Im übrigen möchte ich darauf verweisen, daß der österreichische Gewerkschaftsbund und die Arbeiterkammern bereits kurz nach der Neuwahl des Nationalrates im Jahre 1966 und vor der Bildung der neuen Regierung den Wunsch nach einem modernen Arbeitszeitgesetz, gepaart mit einem Stufenplan zum Übergang zu einer 40-Stunden-Woche, vorgebracht haben. Inzwischen sind drei volle Jahre vergangen, Jahre, in denen unsere Wirtschaft muntere Zeichen freundlicher Lebenstendenzen zeigte. Bei etwas gutem Willen und mehr Einfühlungsvermögen wäre es ohne weiteres möglich gewesen, diese Arbeitszeitverkürzung in kurzen Schritten einzuführen.
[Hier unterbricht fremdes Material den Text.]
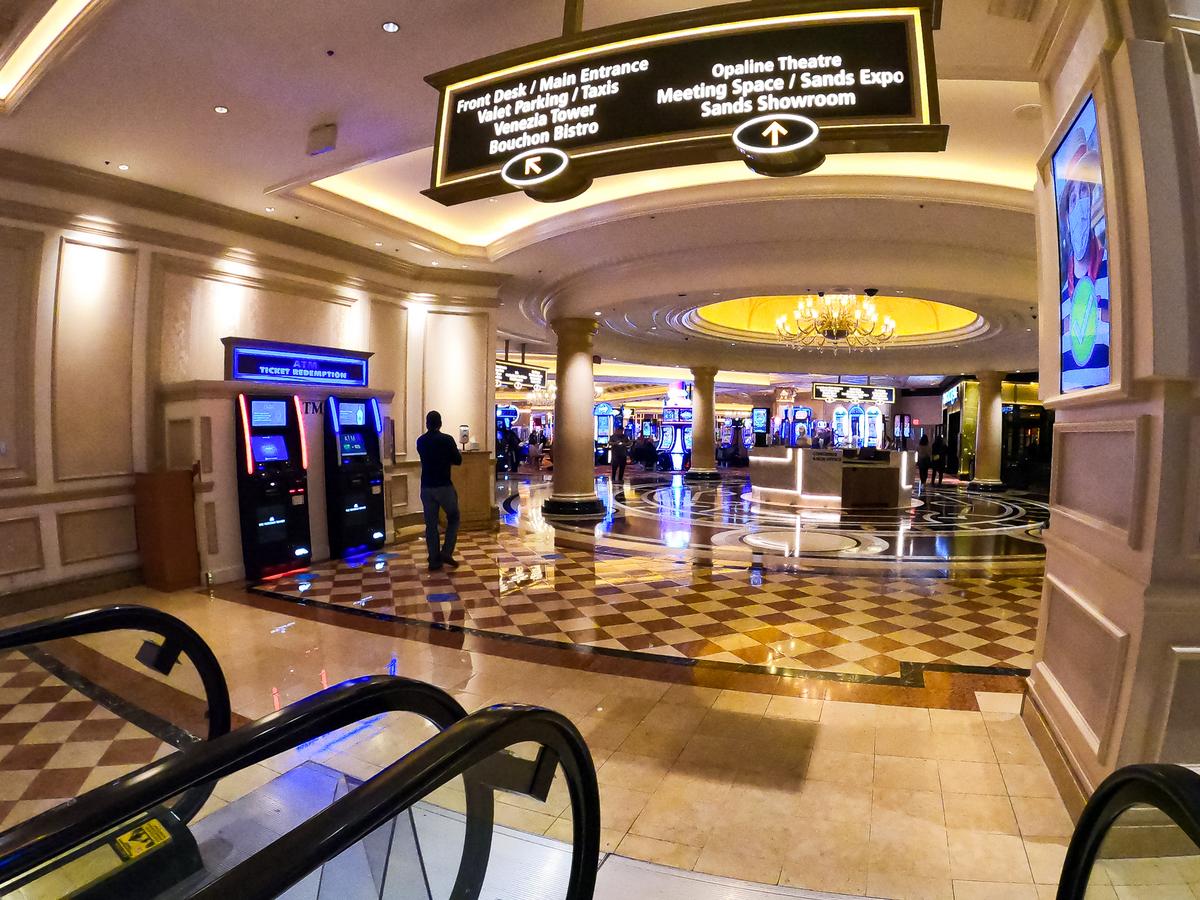 Spacious casino floor at The Venetian Las Vegas showcasing slot machines and elegant architecture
Ich kann schon verstehen, daß die Unternehmerseite nun nervös wird, da man auf Entscheidung drängt. Aber es ist in Österreich immer das gleiche. Solange etwas ruhig, um nicht zu sagen gemütlich vorgebracht wird, achtet niemand darauf. Es bedarf erst zumindest des. symbolischen . Steinwurfes,. um aus dieser Ruhe aufgeschreckt zu werden. Es ist einfach unabdingbar geworden, die Zeichen unserer Epoche richtig zu deuten und zu verstehen. Die Diskrepanzen zwischen technischer Entwicklung sowie verwaltungstechinischer und sozialer sind einfach zu groß geworden. Zur Abrundung sei vermerkt: Die Arbeitnehmerseite weiß, daß die Arbeitszeitverkürzung Geld kostet. Ich erinnere, daß zur Klärung dieses Fragenkomplexes zu den Fachexperten von Gewerkschaften und Arbeiterkammern sowie den Unternehmerverbänden noch eine Gruppe von Wissenschaftlern beigezogen wurde. Dabei kam man zu dem Schluß, daß die Einführung der 40-Stunden-Woche in Österreich durchaus möglich ist. Die Kosten wurden mit einer Belastung von insgesamt 1 bis 1,5 Prozent pro Stunde errechnet. Daraus ergibt sich der Schluß, daß die Einführung der 40-Stunden-Woche in Etappen ohne weiteres möglich und ohne Störung der österreichischen Wirtschaft aber im Interesse der Erhaltung der Vollbeschäftigung nicht nur möglich, sondern wünschenswert ist.